*Your instructions:*
Print the whole listing again exactly as it stands, leaving out any images.

*Source data:*

********

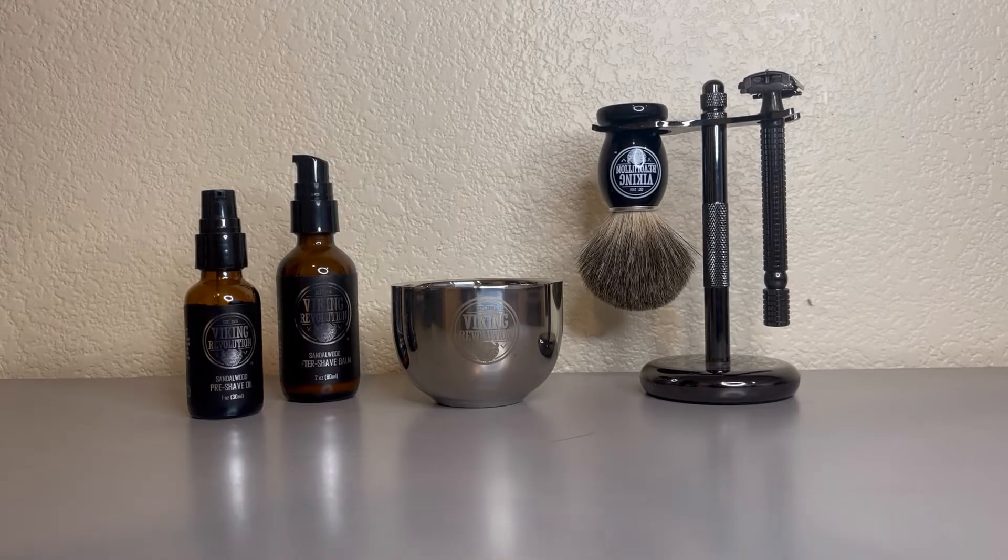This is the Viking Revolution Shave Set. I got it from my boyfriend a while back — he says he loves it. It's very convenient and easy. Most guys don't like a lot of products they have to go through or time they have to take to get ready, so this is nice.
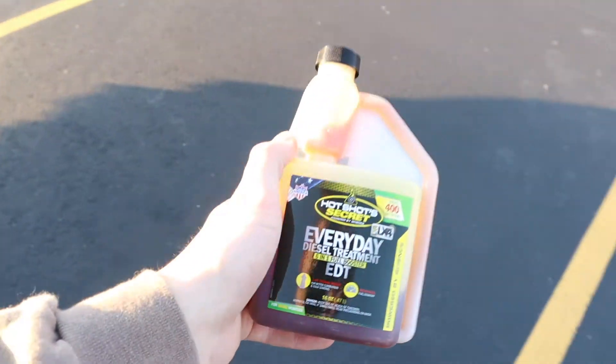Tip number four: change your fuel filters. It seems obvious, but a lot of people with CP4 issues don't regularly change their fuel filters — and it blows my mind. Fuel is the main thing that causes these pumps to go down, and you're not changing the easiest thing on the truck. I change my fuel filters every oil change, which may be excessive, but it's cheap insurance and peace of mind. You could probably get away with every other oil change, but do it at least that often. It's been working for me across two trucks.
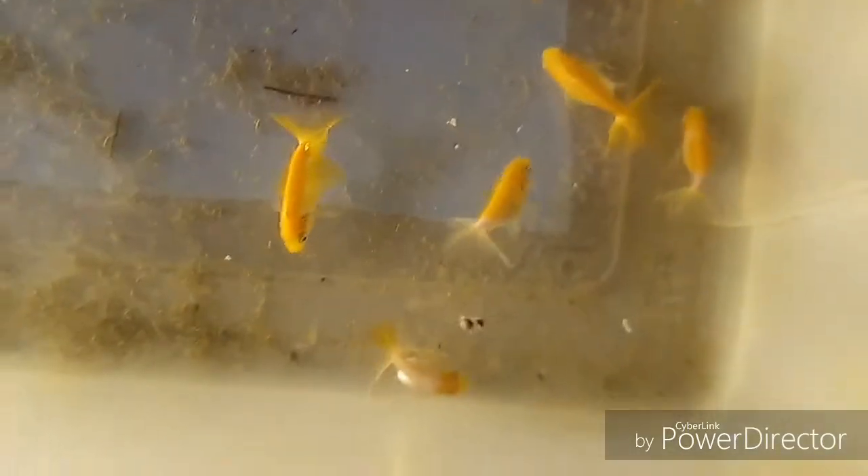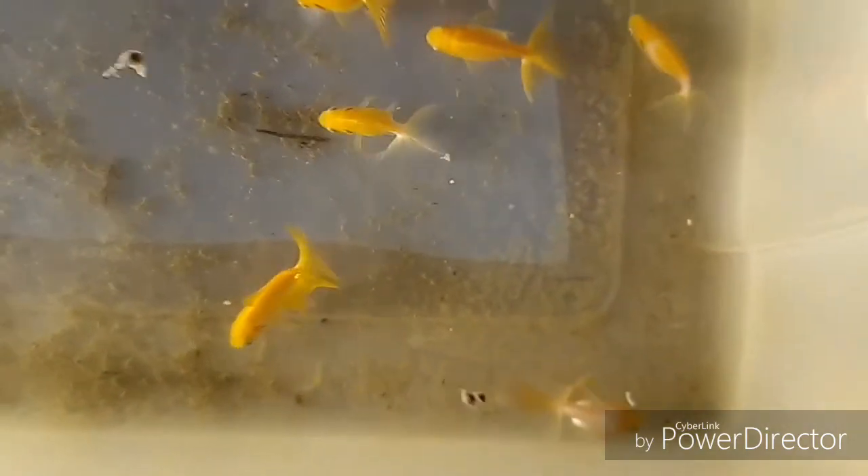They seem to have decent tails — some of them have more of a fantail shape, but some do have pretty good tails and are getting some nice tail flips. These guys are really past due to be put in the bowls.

********

*Output of the task:*
This is the Viking Revolution Shave Set. I got it from my boyfriend a while back — he says he loves it. It's very convenient and easy. Most guys don't like a lot of products they have to go through or time they have to take to get ready, so this is nice.
Tip number four: change your fuel filters. It seems obvious, but a lot of people with CP4 issues don't regularly change their fuel filters — and it blows my mind. Fuel is the main thing that causes these pumps to go down, and you're not changing the easiest thing on the truck. I change my fuel filters every oil change, which may be excessive, but it's cheap insurance and peace of mind. You could probably get away with every other oil change, but do it at least that often. It's been working for me across two trucks.
They seem to have decent tails — some of them have more of a fantail shape, but some do have pretty good tails and are getting some nice tail flips. These guys are really past due to be put in the bowls.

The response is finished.